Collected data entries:
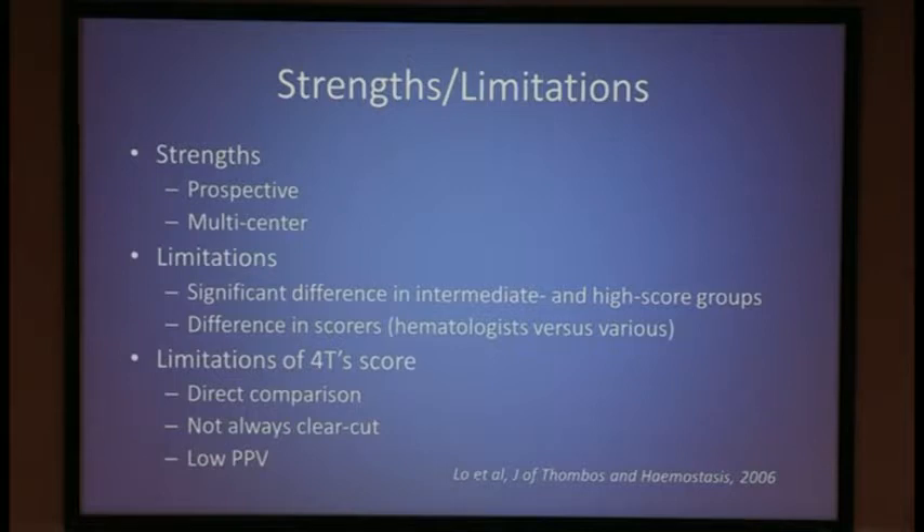In Canada the scorers were hematologists; in Germany they were various physicians. The limitations of the 4T score in general are: first, it has never been directly compared with another method of HIT diagnosis; second, it is not always clear cut due to missing laboratory data or other possible causes of thrombocytopenia; and third, it has a low positive predictive value.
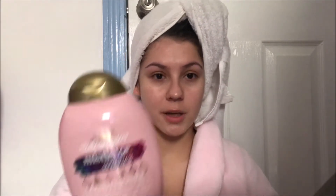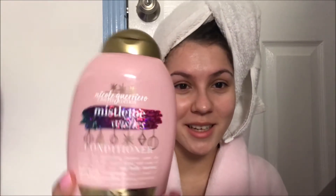For conditioner, I'm using the OGX Mistletoe Wishes conditioner. I was watching a movie last month and kept thinking mistletoe! It smells so good — still reminds me of Christmas because that's when I bought it. I believe they still have it in stores, full price sadly, but it's super good and smells amazing.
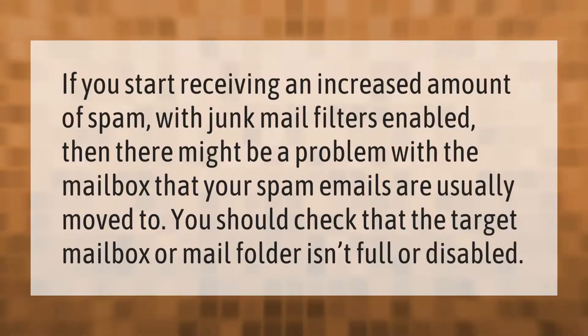If you start receiving an increased amount of spam with junk mail filters enabled, there might be a problem with the mailbox that your spam emails are usually moved to. You should check that the target mailbox or mail folder isn't full or disabled.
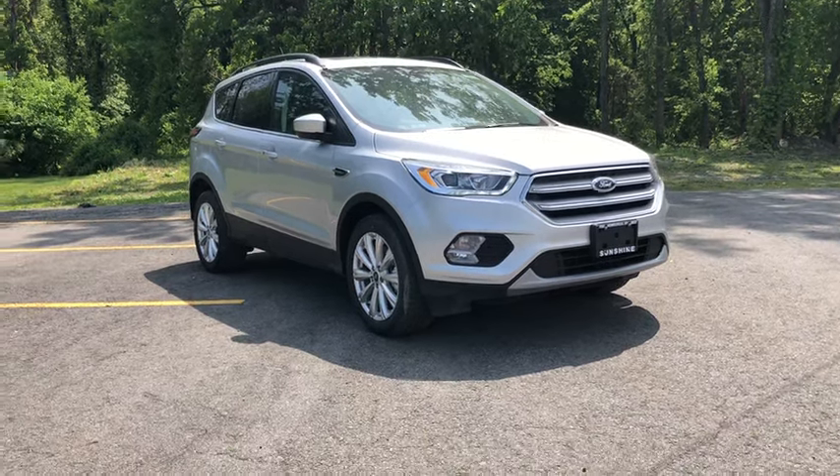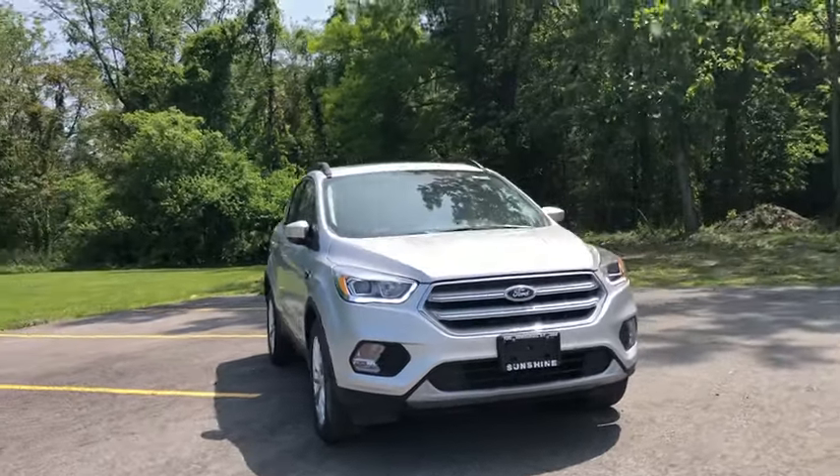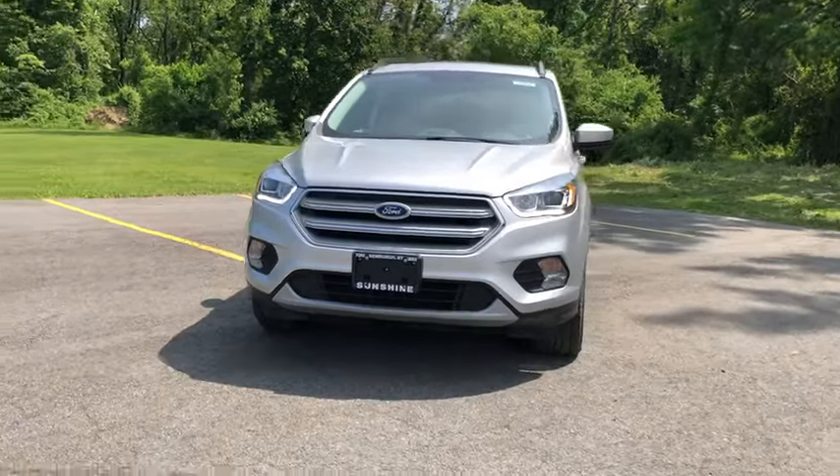The 2019 Escape. Gas engines flex, tow, sip, and go with Ford Escape.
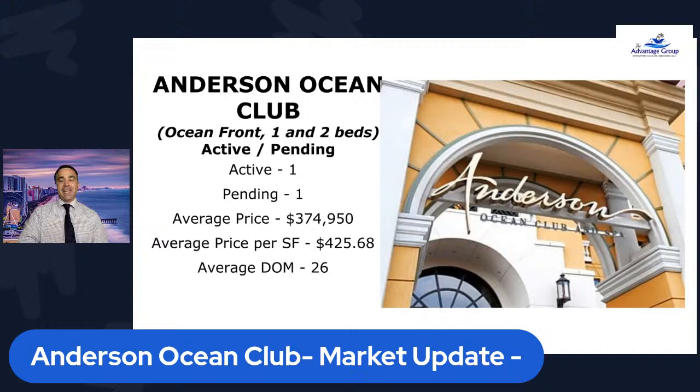Hey guys, Joel here with the Advantage Group right in Myrtle Beach. Today we're giving a market update for Anderson Ocean Club. What an exciting past six months to a year and a half it's been where prices have gone high, inventory has gone low of course for oceanfront and ocean view units at many condos throughout the Grand Strand, but especially at the Anderson Ocean Club.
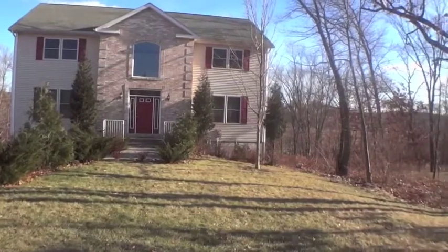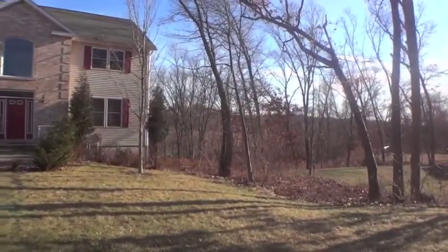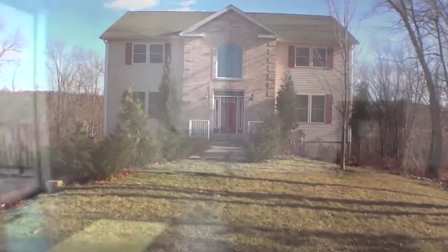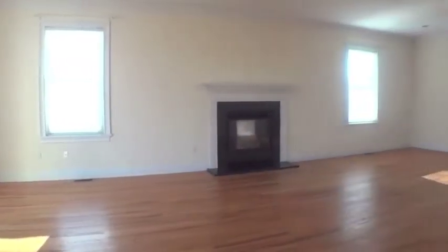Spectacular 3,200-square-foot colonial with a grand two-story entry foyer. Spacious living room with fireplace features panoramic wooded views.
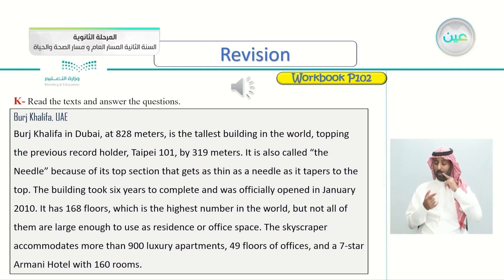at 828 meters, is the tallest building in the world, topping the previous record holder, Taipei 101, by 319 meters. It is also called the Needle because of its top section that gets as thin as a needle as it tapers to the top. The building took six years to complete and was officially opened in January 2010. It has 168 floors, which is the highest number in the world, but not all of them are large enough to use as residence or office space. The skyscraper accommodates more than 900 luxury apartments, 49 floors of offices, and a seven-star Armani hotel with 160 rooms.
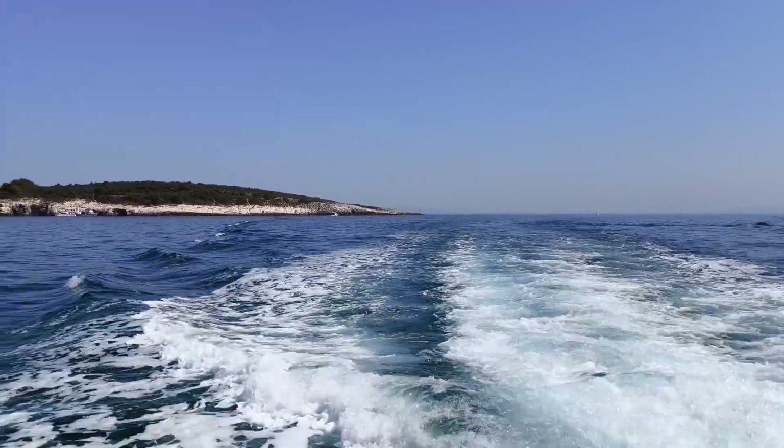Now, after catching a sunset, we are going to go back to Riva Medulin and the boat. So today you have seen our full boat trip around the peninsula.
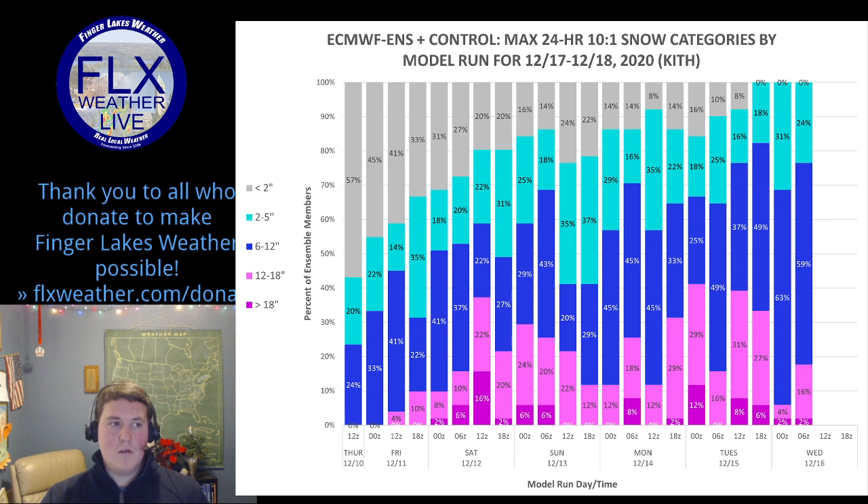I've broken down the snow amounts by color: gray is under two inches, lighter blue is two to five inches, darker blue is six to twelve, pink is twelve to eighteen, and purple is eighteen-plus for an extreme snow event. I plotted what percentage of the ensemble members showed each range. What I was hoping would happen in the one to three days before the storm — Monday, Tuesday — is that the ensemble members would bunch into one bin and increase confidence. That hasn't really happened this time. Finally, the last two runs of the model have shown, pretty overwhelmingly, a six to twelve inch storm for Ithaca.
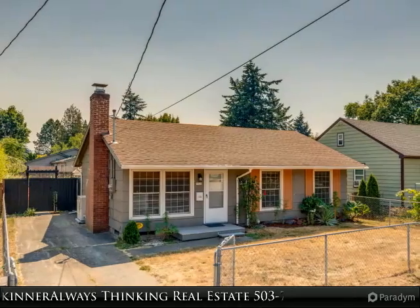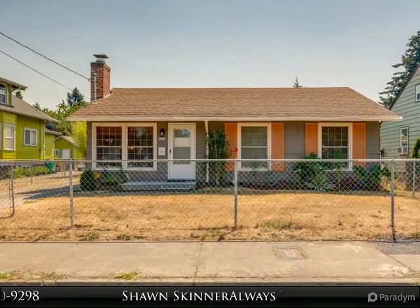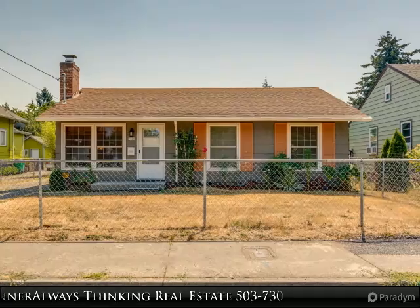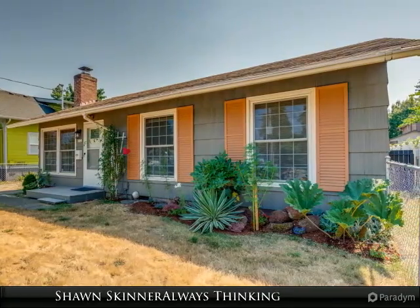Amazing opportunity with this completely remodeled mid-century ranch home situated in the Hotlands neighborhood. Recently permitted ADU addition for extra income or mother-in-law unit with separate entrance. Open floor plan with sparkling hardwoods, new kitchen cabinets, and granite counters.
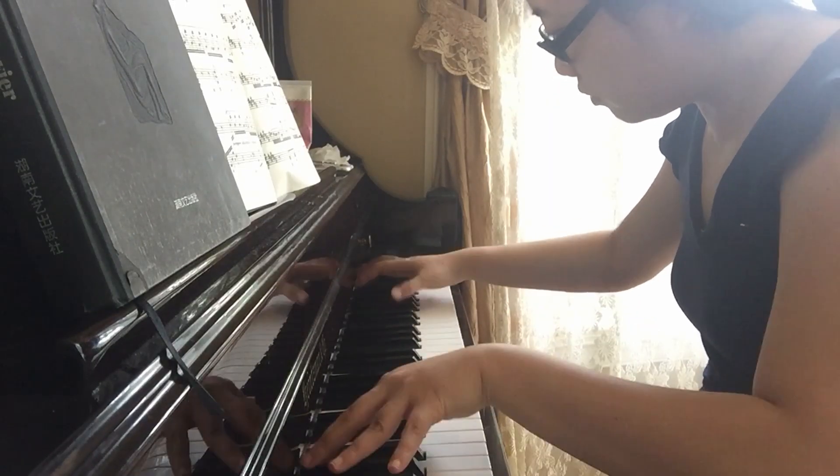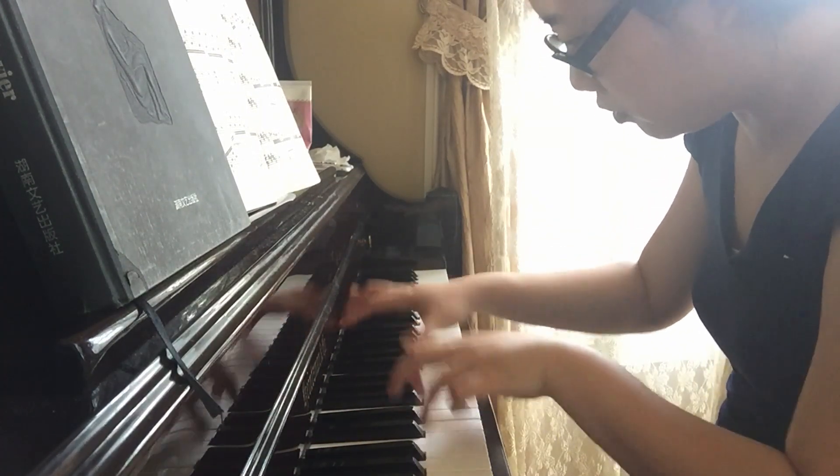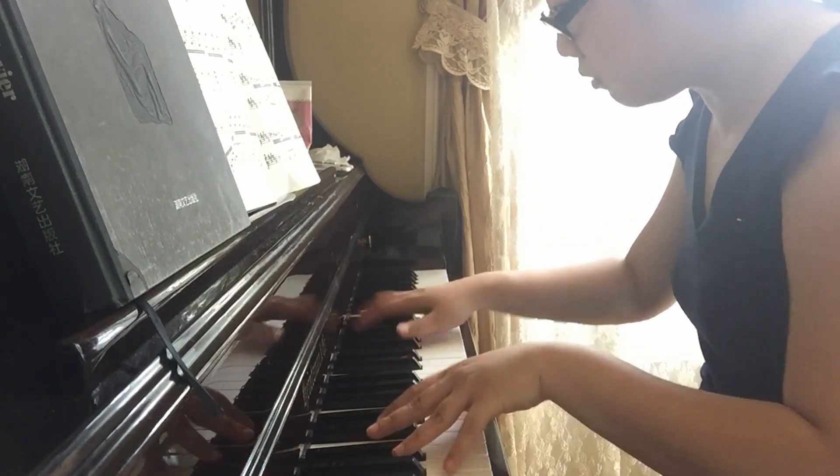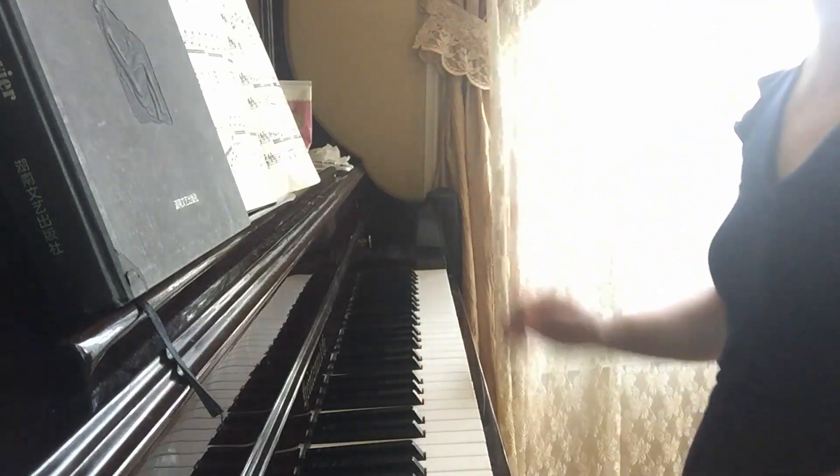The second piece I practiced is Liszt's La Campanella — perhaps the most well-known as well as the most difficult among the ones I practiced. The constant large jumps were the main challenge. Because I had practiced the very first section before, it took me less time on that part. But right after the first part, Liszt added ornaments on top of those constant large jumps, so it took me extra time just to work on that section. The difficulty still revolves around large jumps, but other challenges are thrown in — for example, rapid 32nd notes to be played before the large jumps.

> [Exercise prompt]:
Set the pictures aside and reproduce exactly the lines above, from the line holding "at 828 meters, is" through the line holding "Now, after catching", both included, with nothing else.

> [Output below]:
at 828 meters, is the tallest building in the world, topping the previous record holder, Taipei 101, by 319 meters. It is also called the Needle because of its top section that gets as thin as a needle as it tapers to the top. The building took six years to complete and was officially opened in January 2010. It has 168 floors, which is the highest number in the world, but not all of them are large enough to use as residence or office space. The skyscraper accommodates more than 900 luxury apartments, 49 floors of offices, and a seven-star Armani hotel with 160 rooms.
Now, after catching a sunset, we are going to go back to Riva Medulin and the boat. So today you have seen our full boat trip around the peninsula.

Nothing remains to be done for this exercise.